# Problem description

Cross-lingual document classification (CLDC) is the text mining problem where we are given:
- labeled documents for training in a source language $\ell_1$, and 
- test documents written in a target language $\ell_2$. 

For example, the training documents are written in English, and the test documents are written in French. 


CLDC is an interesting problem. The hope is that we can use resource-rich languages to train models that can be applied to resource-deprived languages. This would result in transferring knowledge from one language to another. 
There are several methods that can be used in this context. In this workshop we start from naive approaches and progressively introduce more complex solutions. 

The most naive solution is to ignore the fact the training and test documents are written in different languages.  

In [33]:
import pandas as pd
from ast import literal_eval
from sklearn.metrics import accuracy_score,f1_score
from sklearn.feature_extraction.text import CountVectorizer, TfidfVectorizer
from sklearn.linear_model import LogisticRegression
from sklearn.pipeline import Pipeline, make_pipeline
from sklearn.dummy import DummyClassifier
from sklearn.neighbors import KNeighborsClassifier

from sklearn.base import BaseEstimator, ClassifierMixin
from sklearn.utils.validation import check_X_y
from sklearn.utils.multiclass import unique_labels
from sklearn.feature_extraction.text import CountVectorizer

from collections import Counter
from utils import *

1. Dataset: holds the data of sources and target language
2. System: This is a set of steps: Does fit, predict.

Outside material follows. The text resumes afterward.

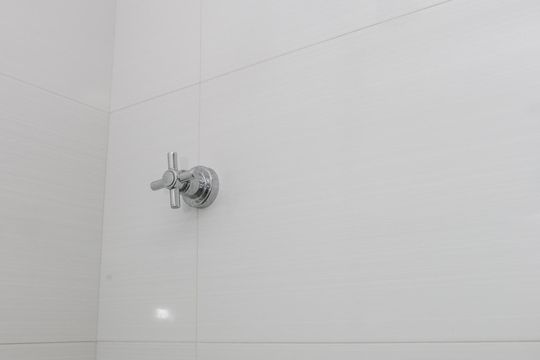 Venda de apartamento mobiliado na Pompeia, 3 quartos, varanda, aceita pets. — Banheiro Social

Can be in the form of a pipeline also
3. Experiment: Given a Dataset and a System it fits, predicts and reports evaluation scores

In [40]:
class Dataset:
    """Experiment class, that reads data in raw format and prints stats."""
    def __init__(self, pathtodata,source_lang, target_lang):
        self.source_lang = source_lang
        self.target_lang = target_lang
        self.tr_path = pathtodata+"semeval15.%s.train.csv" % source_lang
        self.te_path = pathtodata+"semeval15.%s.test.csv" % target_lang
    
    @staticmethod
    def read_csv(path):
        df = pd.read_csv(path)
        df['polarities'] = df['polarities'].apply(lambda l: literal_eval(l))
        df = df.loc[df.polarities.astype(bool)]
        df['sentiment'] = df['polarities'].apply(lambda l: Counter(l).most_common(1)[0][0])
        return df[['text', 'sentiment']]

    def load_data(self):
        training = self.read_csv(self.tr_path)
        test = self.read_csv(self.te_path)
        print("\nTraining data\n==========")
        self.calculate_stats(training)
        print("\nTraining data\n==========")
        self.calculate_stats(test)
        self.train, self.y_train = training.text.values, training.sentiment.values
        self.test, self.y_test = test.text.values, test.sentiment.values

    # Function to load the Cross-lingual embeddings for each language
    def load_cl_embeddings(self,path_to_embeddings,dimension,skip_header):
        self.vocab_source = fit_vocab(self.train)
        self.vocab_target = fit_vocab(self.test)
        
        # full vocabulary
        self.vocab_ = fit_vocab(np.concatenate((self.train,self.test)))
        
        self.source_embeddings = load_embeddings(path_to_embeddings+"concept_net_1706.300."+self.source_lang, dimension,skip_header=skip_header,vocab=self.vocab_)
        self.target_embeddings = load_embeddings(path_to_embeddings+"concept_net_1706.300."+self.target_lang, dimension,skip_header=skip_header,vocab=self.vocab_)
        
        self.source_embeddings = sort_embeddings(self.source_embeddings,self.vocab_)
        self.target_embeddings = sort_embeddings(self.target_embeddings,self.vocab_)
        
        
    def calculate_stats(self, df):
        print("Training Data Shape: ", df.shape)
        print("Class distribution: ", df.sentiment.value_counts().to_dict())

        
class Runner:
    def __init__(self, pipeline, experiment):
        self.pipeline = pipeline
        self.experiment = experiment
        #self.experiment.load_data()
        
    def score(self, preds):
        #return accuracy_score(exp.y_test, preds)
        return f1_score(exp.y_test, preds,average="macro")
    def eval_system(self):
        pipeline.fit(exp.train, exp.y_train)
        preds = pipeline.predict(exp.test)
        scores = self.score(preds)
        return scores

In [47]:
class nBowClassifier(BaseEstimator, ClassifierMixin):

    def __init__(self, base_classifier = "knn",V_source=None,V_target=None,params={}):
        self.base_classifier = base_classifier
        self.V_source = V_source
        self.V_target = V_target
        self.params = params
        
        if base_classifier =="knn":
            self.clf = KNeighborsClassifier(**params)
        #elif base_classifier=="mlp" #TODO: add support for an MPL classifier
        else:
            raise ValueError("Unknown base classifier")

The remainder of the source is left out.